Transform the different RPS rounds choice into numbers. The translation is Rock = 1, Paper = 2, Scissors = 3

for i = 1:5
    data[!, Symbol("round$(i)")] = translaterpstoint.(data[!, Symbol("round$i")]);
end
## Hourly Wage
data[!, :wage] = data[!, :participant_payoff_plus_participation_fee] ./ data[!, :time_in_experiment] .* 3600;

Comments Encoding

We have encoded the comments according to three dummy variables probability_driving_choice, preference_driving_choice, doubt_interpretation and a string of comment additional_notes.

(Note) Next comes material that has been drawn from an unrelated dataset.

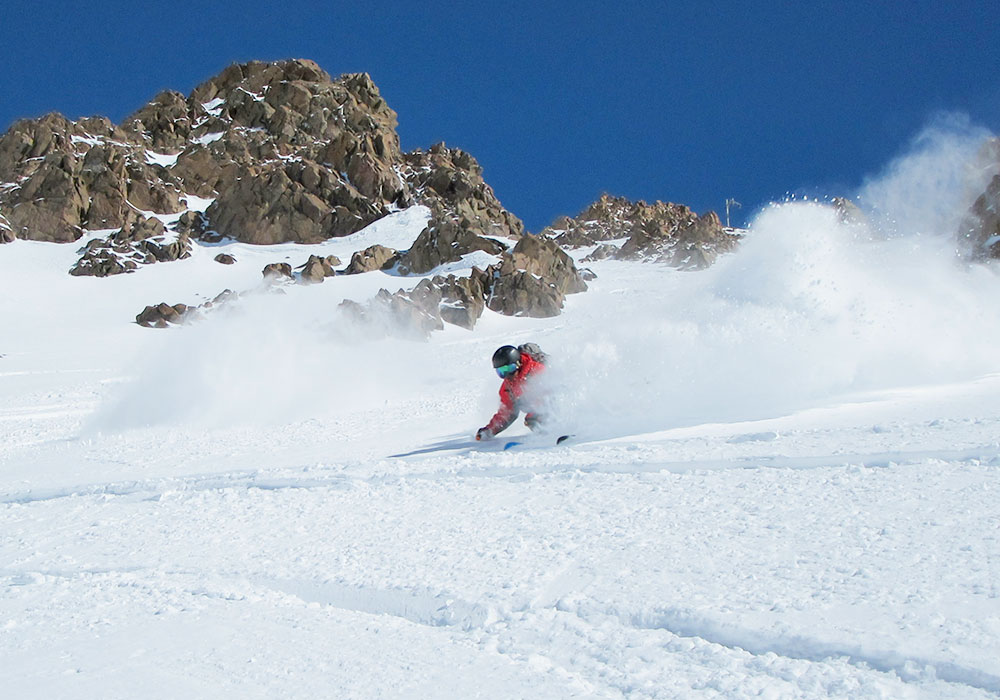 A skier swiftly gliding down a snowy slope in Las Leñas Argentina with a charming chalet and other winter sports enthusiasts visible in the background.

  • probability_driving_choices means that we read in the comment that higher probabilities of winning are what drives the choices of a mechanism over another (even if the belief/understanding and subsequent choice may not reflect that).
  • preference_driving_choice means that we read in the comment a intrinsic preference for one or the other mechanism.
  • doubt_interpretation means that we are not sure of the interpretation of the comment, so that our interpretation should be taken with a grain of salt. In the data, it is originally encoded as ?, we replace that by a dummy of value 1 when we have a doubt.
  • additional_notes are additional remarks we have on the comments. In particular, if a preference is expressed for one or the other of RPS / CT, we mention it.
comments = CSV.read(joinpath("..", "Data", "OriginalData", "Pilot1Comments.csv"), DataFrame, normalizenames = true, stringtype=String);
comments[!, :doubt_interpretation] = (comments[!, :doubt_interpretation] .== "?")
comments[ismissing.(comments[!, :doubt_interpretation]), :doubt_interpretation] .= false;
comments[!, :probability_driving_choice] .= (comments[!, :probability_driving_choice] .== 1)
comments[!, :preference_driving_choice] .= (comments[!, :preference_driving_choice] .== 1);

Join together the data and our comments.

data = innerjoin(data, comments, on = :participant_code);

Take the reasons to transform anything that looks like an absence of comment into an empty comment. Remove the previous column :reasons that contained the comments. This filter is very imperfect.

data[!, :comments] .= ""
for (i, comment) = enumerate(data[!, :reasons])
    m = match(r"^(?<comment>no comment|na|none|nothing)"i, comment)
    if m === nothing
        data[i, :comments] = data[i, :reasons]
    end
end
select!(data, Not(:reasons));
# Saving the Cleaned Data
data |> CSV.write(joinpath("..", "Data", "Input", "Pilot1CleanedData.csv"), delim = ',')
"../Data/Input/Pilot1CleanedData.csv"